Over and above these safety elements, the company’s expertise comes into its own in the fitting out of the interior calling on quality materials and all the avant-garde technologies when it comes to comfort and multimedia. A Porsche in the beginnings
All the crafts linked to the production of an exceptional car are carried out over a unique surface area of 15,000 m². When a car arrives at Carat by Duchatelet in Jupille, it is entirely stripped down and dismantled to allow a minimum of four operations, working in pairs to be carried out: lengthening the chassis and raising the roof, armouring the vehicle and fitting out of the interior.
The conjunction of thirteen top trades and the craftsmanship know-how allows them to reach levels of perfection reminiscent of a goldsmith’s finest work. Each department is headed-up by a specialised, experienced and passionate leader, whether he or she be an electronics engineer, cabinetmaker, leather trimmer, sheet metal worker …

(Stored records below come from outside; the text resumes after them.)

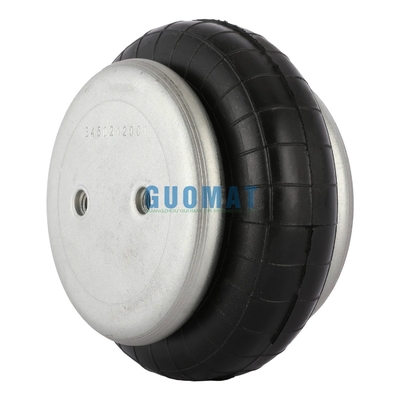W01-358-7731 Firestone Air Spring Assembly Style 131 Actuador de ar de borracha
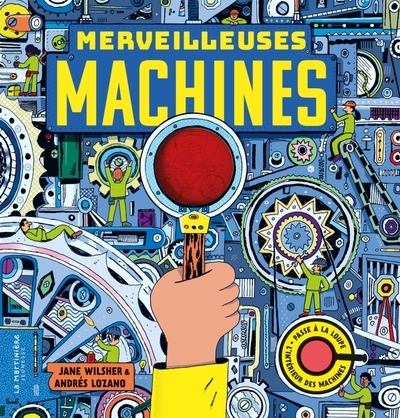Merveilleuses machines - Image principale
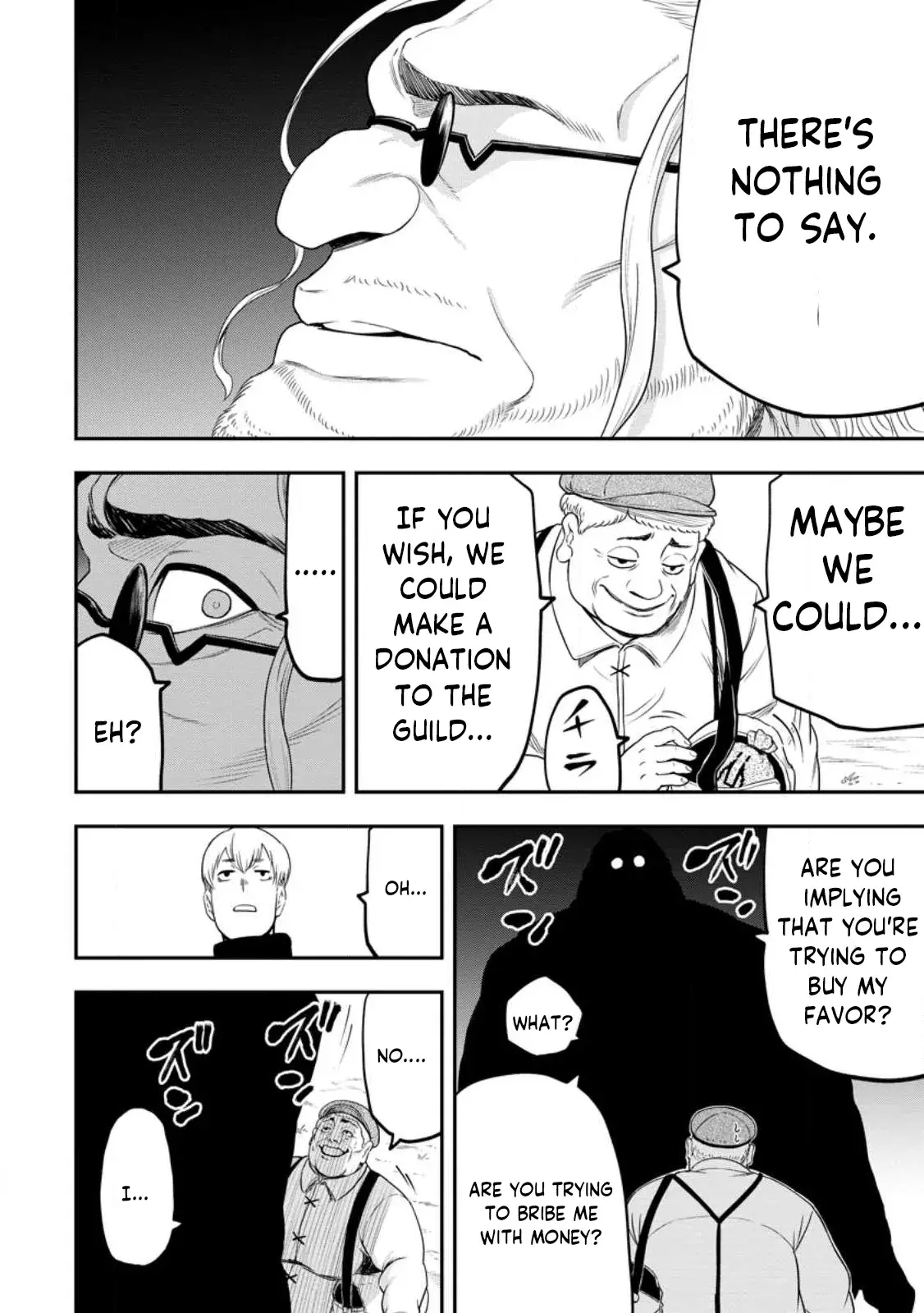 Zatsuyou Fuyojutsushi Ga Jibun No Saikyou Ni Kizuku Made Chapter 20.2 - page 3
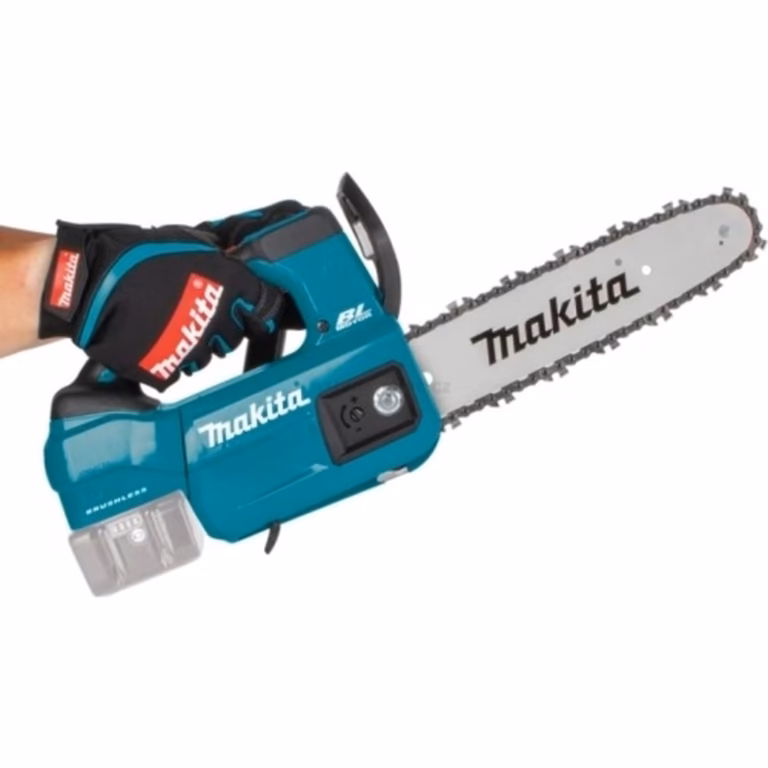 Test Makita DUC254Z Recenzia Makita DUC254Z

Frédéric Duchatelet created his first company back in 1966 but had no intention of limiting himself to purely concentrating on coachwork for very long. And so at the beginning of the ‘70s he became a designer.

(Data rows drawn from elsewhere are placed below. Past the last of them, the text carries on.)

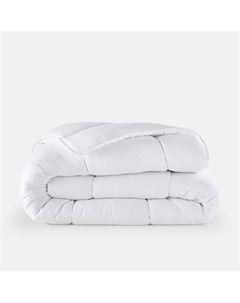 Одеяло синтетическое с обработкой BI-OME 200 гм2 белый La redoute interieurs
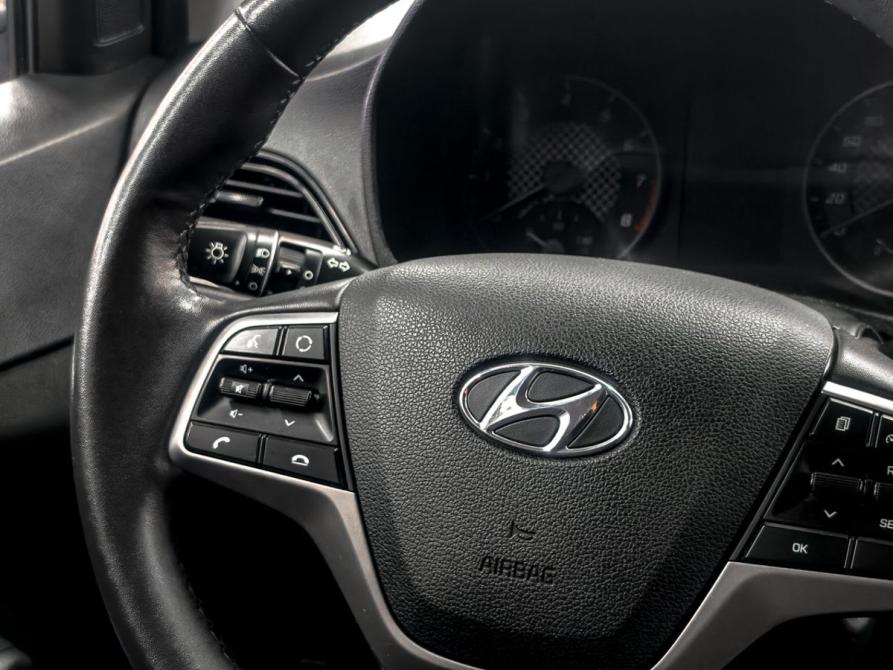 Hyundai Solaris II Рестайлинг Ростов-на-Дону  - изображение 10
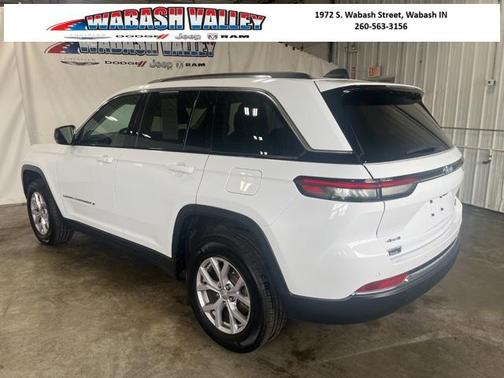 2022 Jeep Grand Cherokee Limited X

“For some time the craving to work on prestige vehicles had been nagging me”, Frédéric Duchatelet explained. “And so I acquired an old Porsche, with a view to restoring it, modifying it, beautifying it and giving it the opportunity to enjoy a second life. Highly proud of my work I inaugurated this initial creation by travelling on down to Cannes and Saint-Tropez together with a friend. Even though we felt like moguls, we were rather more the penniless rich, and to draw some attention I parked my car between a Rolls and a Ferrari. I soon noticed that my customised and unknown Porsche was having more success than the most expensive cars in the world, and on a whim I decided there and then to build twenty of them.”
The Porsche Duchatelet sold like hot cakes and their creator’s career was laid out in front of him. It was notably during a visit to the Middle East to analyse the luxury car market that Frédéric Duchatelet set his sights on converting Mercedes cars.
“ The wealthy individuals I met out there have a similar behaviour to ours. For their enjoyment they bring out their Rolls or Bentley at the weekend and during their business week they travel around in a Mercedes. In those days the Mercedes S Class was considered to be the world’s best touring car. Today our work has extended to other prestige makes boasting a similar level of quality such as Bentley, Rolls Royce and Range Rover.”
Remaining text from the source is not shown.